> **Activity**:
Pictures should be omitted; restate word for word the lines from the one holding "自清洗过滤器-软化水装置送货上门根据要求定制" through the last line of the entries below.
[[ Input records open ]]
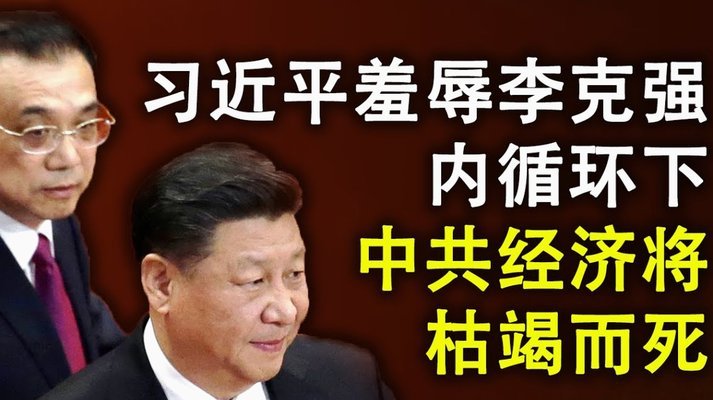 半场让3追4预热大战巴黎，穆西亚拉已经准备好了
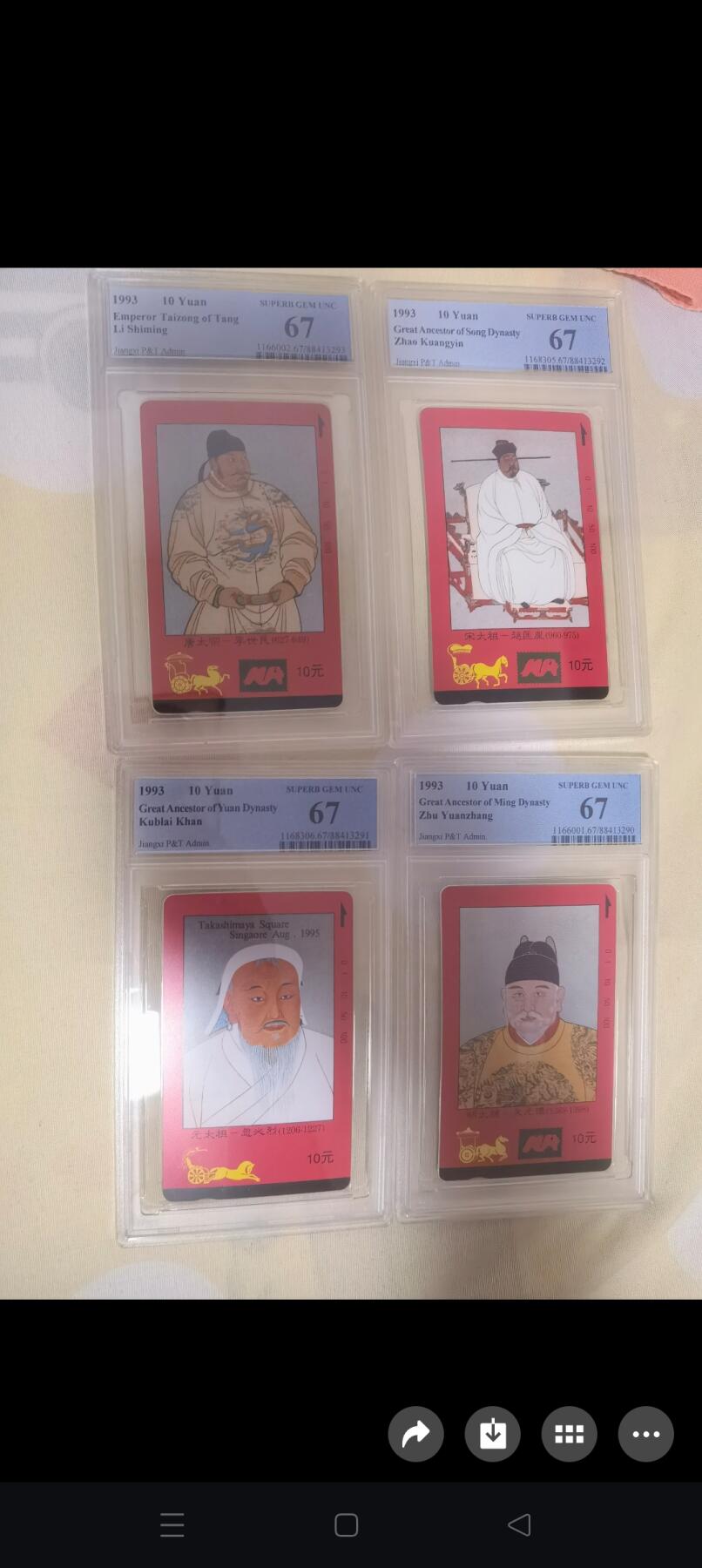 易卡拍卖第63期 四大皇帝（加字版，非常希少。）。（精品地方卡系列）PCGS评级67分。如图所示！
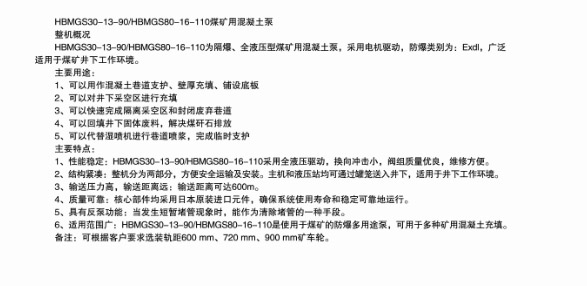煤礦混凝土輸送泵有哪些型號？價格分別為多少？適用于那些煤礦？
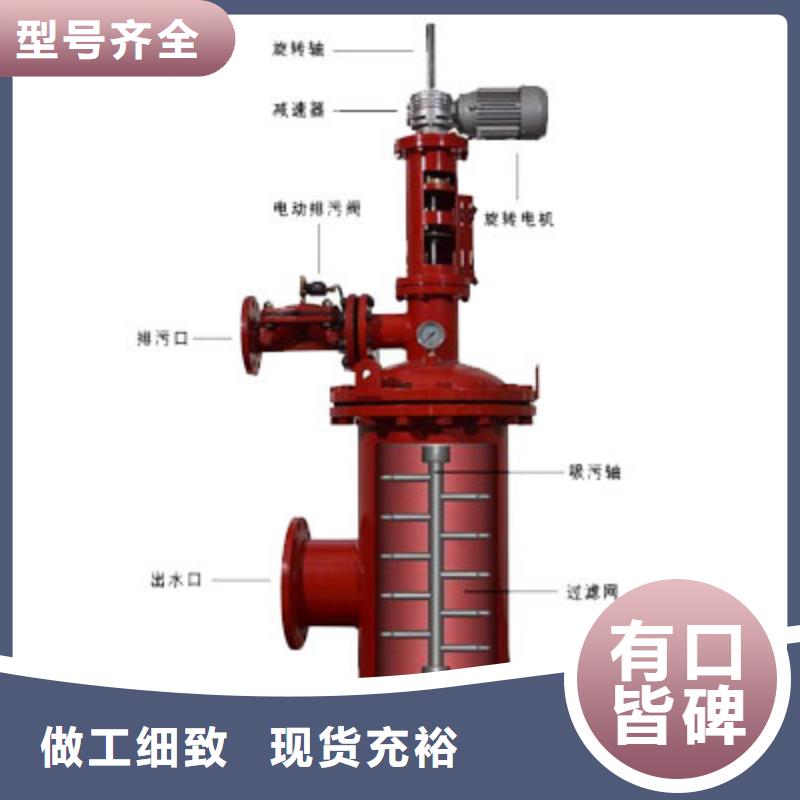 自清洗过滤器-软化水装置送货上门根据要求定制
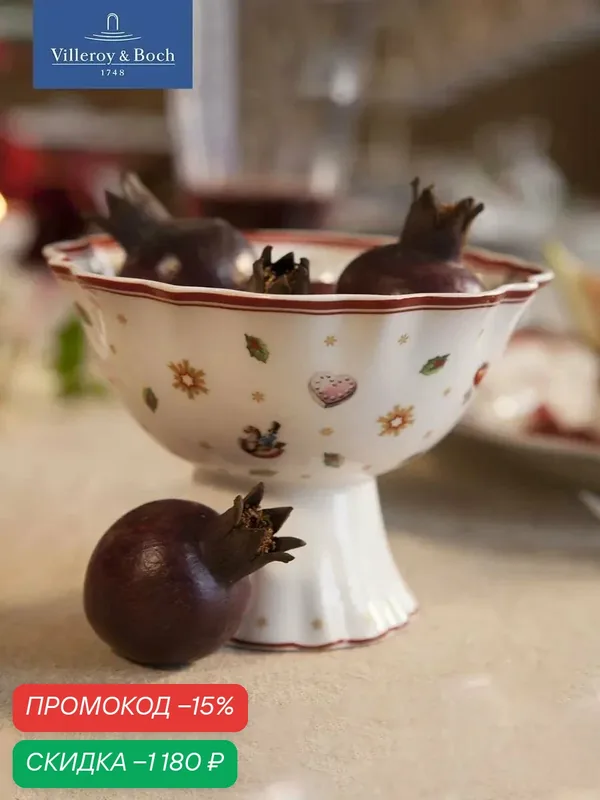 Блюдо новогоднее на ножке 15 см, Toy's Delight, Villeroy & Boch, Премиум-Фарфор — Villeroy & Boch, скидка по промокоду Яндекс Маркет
[[ Input records closed ]]
> **Response**:
 自清洗过滤器-软化水装置送货上门根据要求定制
 Блюдо новогоднее на ножке 15 см, Toy's Delight, Villeroy & Boch, Премиум-Фарфор — Villeroy & Boch, скидка по промокоду Яндекс Маркет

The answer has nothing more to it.